= 3-transposition group =

Type of mathematical group

In mathematical group theory, a 3-transposition group is a group generated by a conjugacy class of involutions, called the 3-transpositions, such that the product of any two involutions from the conjugacy class has order at most 3.
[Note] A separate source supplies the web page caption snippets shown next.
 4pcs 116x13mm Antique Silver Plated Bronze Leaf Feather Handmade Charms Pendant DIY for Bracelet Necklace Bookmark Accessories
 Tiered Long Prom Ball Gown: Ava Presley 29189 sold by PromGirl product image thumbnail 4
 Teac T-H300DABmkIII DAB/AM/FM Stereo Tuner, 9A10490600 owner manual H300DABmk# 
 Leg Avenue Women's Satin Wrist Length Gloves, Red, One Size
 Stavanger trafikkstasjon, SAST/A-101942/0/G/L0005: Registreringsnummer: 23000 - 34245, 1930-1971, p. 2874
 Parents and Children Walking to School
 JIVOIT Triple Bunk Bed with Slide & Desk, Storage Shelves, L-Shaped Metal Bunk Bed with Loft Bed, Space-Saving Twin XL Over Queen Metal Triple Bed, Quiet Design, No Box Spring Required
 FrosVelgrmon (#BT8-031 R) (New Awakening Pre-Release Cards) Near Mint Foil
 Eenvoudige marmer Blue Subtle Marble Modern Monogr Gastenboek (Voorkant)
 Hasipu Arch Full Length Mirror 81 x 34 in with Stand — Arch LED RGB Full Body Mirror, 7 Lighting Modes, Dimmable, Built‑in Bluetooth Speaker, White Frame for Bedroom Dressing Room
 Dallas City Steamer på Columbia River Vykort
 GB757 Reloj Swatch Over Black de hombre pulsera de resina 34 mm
They were first studied by Fischer (1964, 1970, 1971) who discovered the three Fischer groups as examples of 3-transposition groups.

==History==
Fischer (1964) first studied 3-transposition groups in the special case when the product of any two distinct 3-transpositions has order 3. He showed that a finite group with this property is solvable, and has a (nilpotent) 3-group of index 2. Manin (1986) used these groups to construct examples of non-abelian CH-quasigroups and to describe the structure of commutative Moufang loops of exponent 3.

==Fischer's theorem==
Suppose that G is a group that is generated by a conjugacy class D of 3-transpositions and such that the 2 and 3 cores O_{2}(G) and O_{3}(G) are both contained in the center Z(G) of G. Then Fischer (1971) proved that up to isomorphism G/Z(G) is one of the following groups and D is the image of the given conjugacy class:
- G/Z(G) is the trivial group.
- G/Z(G) is a symmetric group S_{n} for n≥5, and D is the class of transpositions. (If n=6 there is a second class of 3-transpositions).
- G/Z(G) is a symplectic group Sp_{2n}(2) with n≥3 over the field of order 2, and D is the class of transvections. (When n=2 there is a second class of transpositions.)
- G/Z(G) is a projective special unitary group PSU_{n}(2) with n≥5, and D is the class of transvections
- G/Z(G) is an orthogonal group O^{μ}_{2n}(2) with μ=±1 and n≥4, and D is the class of transvections
- G/Z(G) is an index 2 subgroup PO_{n}^{μ,+}(3) of the projective orthogonal group PO_{n}^{μ}(3) (with μ=±1 and n≥5) generated by the class D of reflections of norm +1 vectors.
- G/Z(G) is one of the three Fischer groups Fi_{22}, Fi_{23}, Fi_{24}.
- G/Z(G) is one of two groups of the form Ω_{8}^{+}(2).S_{3} and PΩ_{8}^{+}(3).S_{3}, where Ω stands for the derived subgroup of the orthogonal group and S_{3} is the group of diagram automorphisms for the D_{4} Dynkin diagram.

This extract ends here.